Exercise materials:
▼

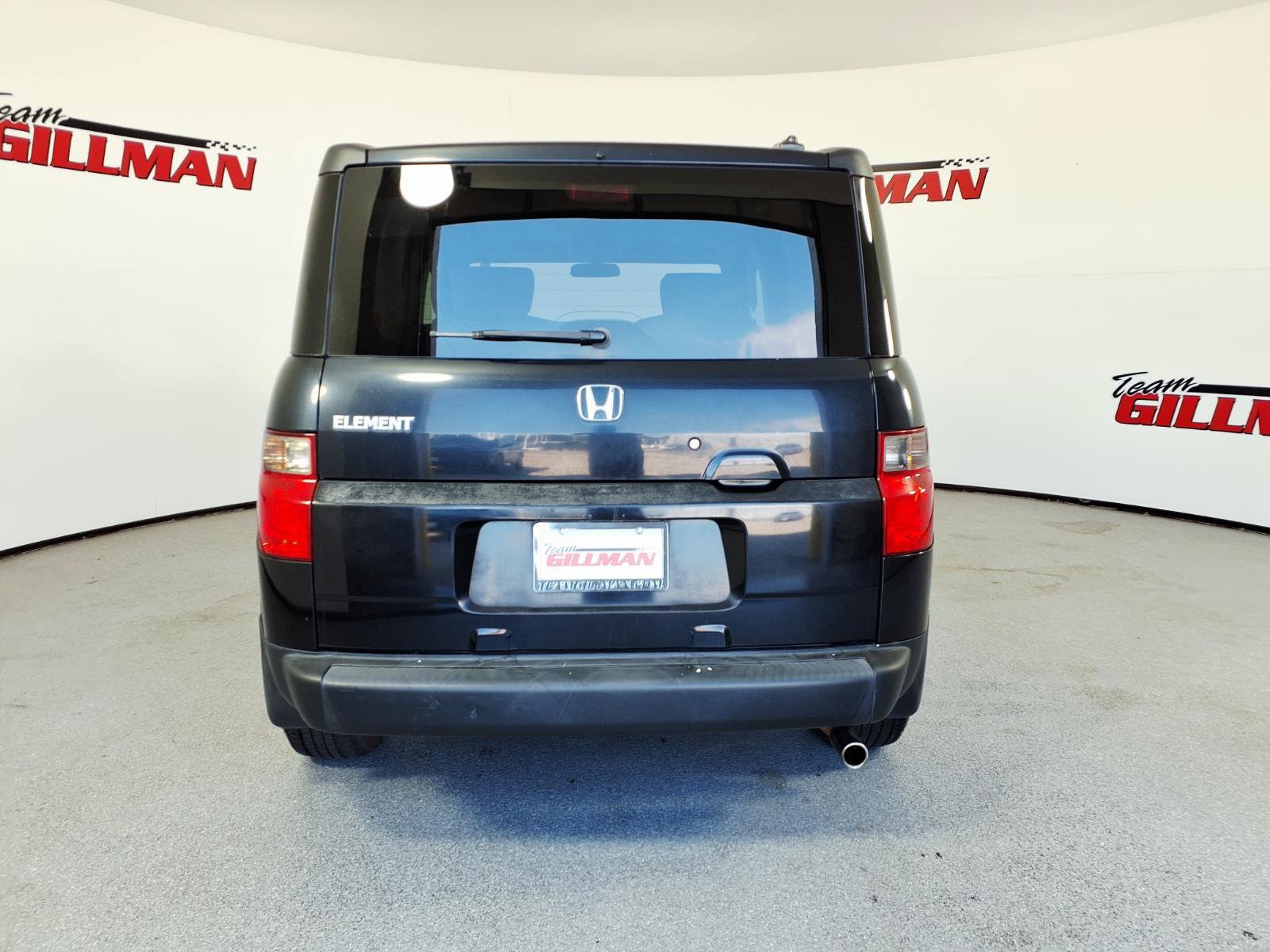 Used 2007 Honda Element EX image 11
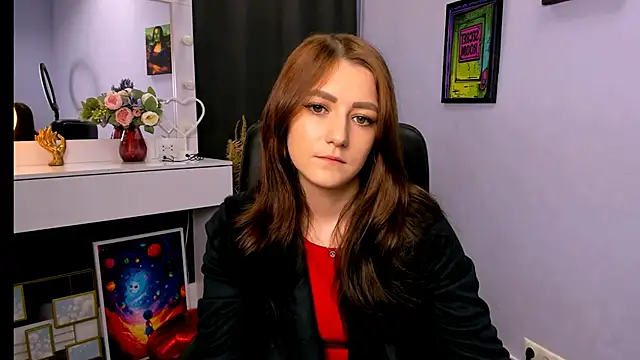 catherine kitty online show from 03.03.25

▲
▼

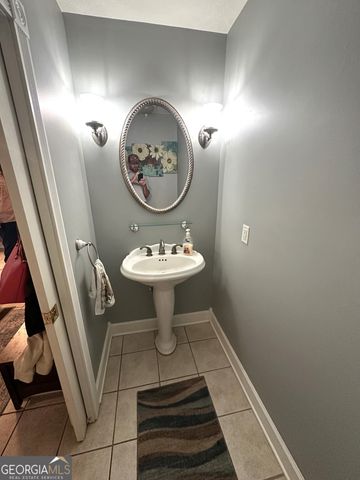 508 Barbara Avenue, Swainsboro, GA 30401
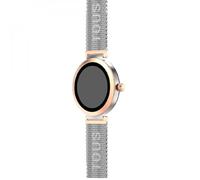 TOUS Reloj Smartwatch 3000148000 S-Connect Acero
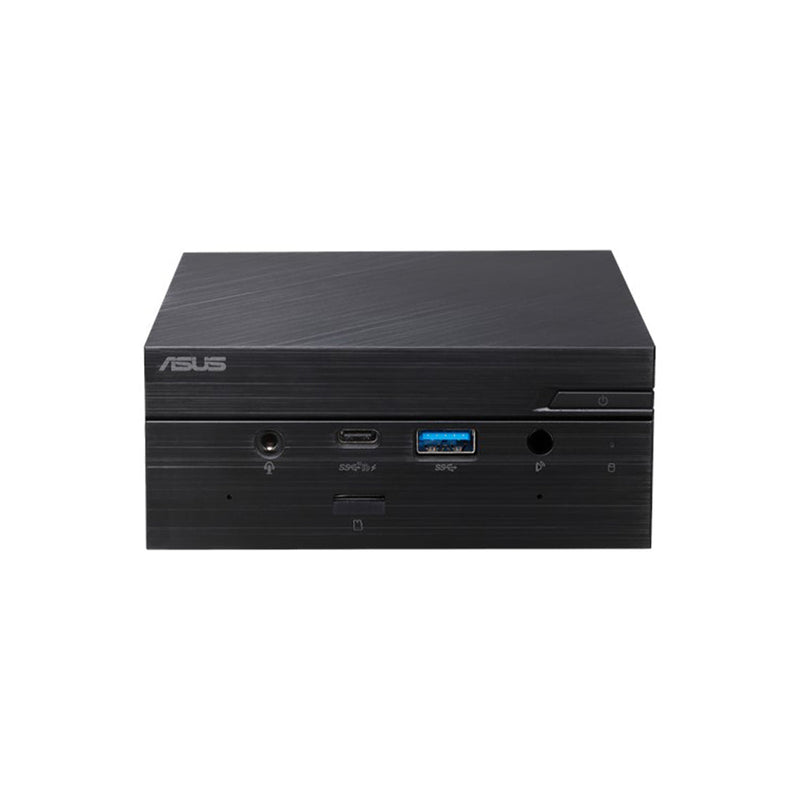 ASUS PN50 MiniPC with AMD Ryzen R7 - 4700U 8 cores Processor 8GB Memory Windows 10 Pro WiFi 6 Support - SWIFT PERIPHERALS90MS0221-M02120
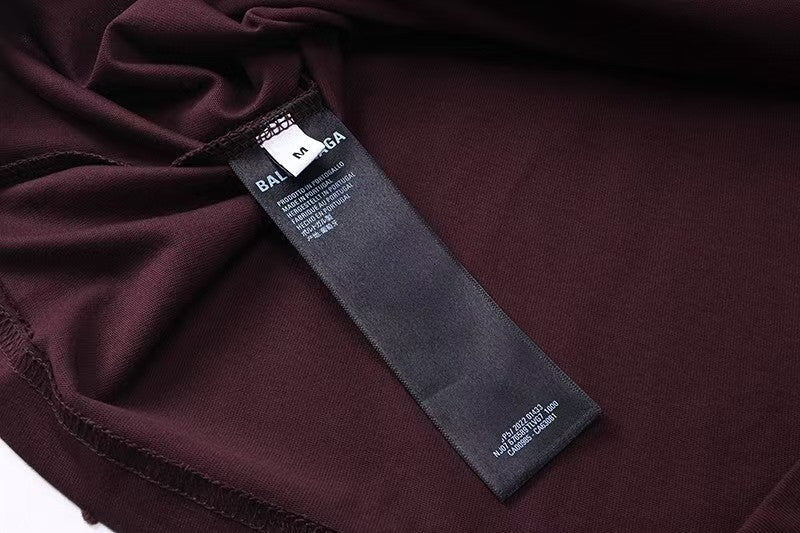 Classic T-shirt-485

▲

With pictures omitted, repeat the entries above word for word from the line holding "Used 2007 Honda Element EX image 11" down to the line holding "catherine kitty online show from 03.03.25", keeping both of those lines.

 Used 2007 Honda Element EX image 11
 catherine kitty online show from 03.03.25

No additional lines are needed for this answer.